Passes. I realize that we really want to pass the record to the operations, not just the stack. Let’s fix our test to do that.

    def test_returns_constant(self):
        op = lambda stack, record: stack.append(42)
        record = None
        expression = Expression('Answer', [op])
        assert expression.scope() == 'Answer'
        assert expression.result(record) == 42

And:

    def result(self, record):
        stack = []
        self._operations[0](stack, record)
        return stack.pop()

OK we need a list to test, and we need a decision. What order is the list to be processed in, inside Expression? I think from high to low, via pop, so the RPN we provide has to be reversed. Who does the reversing? I think that should be left up to Expression, and we should provide real RPN in our tests and from our parser. I also note that I passed in and tested a number, not a string. I’ll change the test as a reminder that we’re assuming string inputs.

    def test_rpn(self):
        op21 = lambda stack, record: stack.append('21')
        op2 = lambda stack, record: stack.append('2')
        def plus(stack, number):
            op1 = to_number(stack.pop())
            op2 = to_number(stack.pop())
            stack.append(str(op1 + op2))

        operations = [op21, op2, plus]
        expression = Expression('Answer', operations)
        assert expression.result(None) == '42'

I think this is valid, let’s see if we can make it work. We cannot, because the op can’t find a to_number to execute. We’re going to need to pass self in to all our operations, to provide access to things like that. Change the code, fix the tests.

Note
It isn’t valid. 21 plus 2 is not 42. 21 times 2 is. We’ll find that out below.

After fixing the + to * and a few other things, we have these tests:

    def test_returns_constant(self):
        op = lambda self, stack, record: stack.append('42')
        record = None
        expression = Expression('Answer', [op])
        assert expression.scope() == 'Answer'
        assert expression.result(record) == '42'

    def test_rpn(self):
        op21 = lambda self, stack, record: stack.append('21')
        op2 = lambda self, stack, record: stack.append('2')
        def times(self, stack, number):
            op1 = self.to_number(stack.pop())
            op2 = self.to_number(stack.pop())
            stack.append(str(op1 * op2))

        operations = [op21, op2, times]
        expression = Expression('Answer', operations)
        assert expression.result(None) == '42'

And this class:

class Expression:
    def __init__(self, scope, operations):
        self._scope = scope
        self._operations = operations[::-1]

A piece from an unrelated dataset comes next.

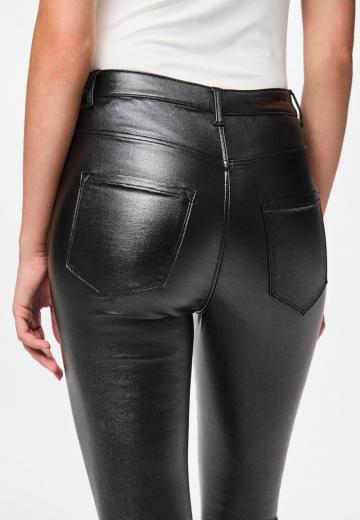 Узкие джинсы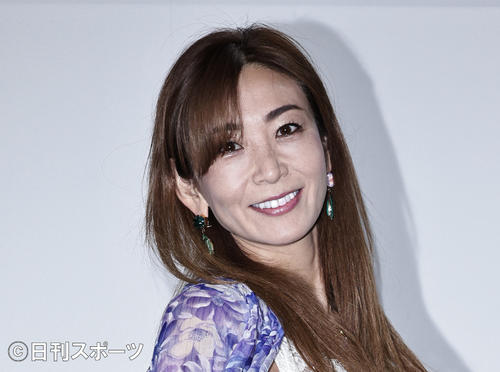 15枚目のDVD発売発表会の中島史恵（撮影・中島郁夫）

    def result(self, record):
        def to_number(string):
            return int(string)

        stack = []
        while self._operations:
            self._operations.pop()(self, stack, record)
        return stack.pop()

    def scope(self):
        return self._scope

    def to_number(self, string):
        try:
            return int(string)
        except ValueError:
            return float(string)

I think we could have been committing here and there but we can surely commit now: Expression class can execute valid RPN if you can find some.

Time to Reflect

The commit message is pretty much on point: if we can get some executable RPN in there, the expression will do what has to be done, so far so good. I am a bit concerned about where the code will reside that creates the actual functions that go into the operations list: it will have to know a lot about what the Expression can do. That said, every compiler has to understand its target machine somewhere, so it’s not like it’s a new problem in the universe.

We need to address fetching values from an XSet “record”, but I think it’s time to get the lexer and parser involved in this enterprise.

Let’s move Expression over to the src side. I’ve been coding it in the test class, as one does. Green. Commit move Expression to src tree.

I think this article is long enough. I might take a break, might carry on immediately. For this one, let’s sum up:

Summary

We’re not really refactoring from what we have to our new stuff. We are more using it as a sketch to guide the implementation. Other than to_number, we haven’t really copied any code from the experiments of the past few sessions, but we certainly have looked at them for ideas and understanding. That’s why we did them, after all.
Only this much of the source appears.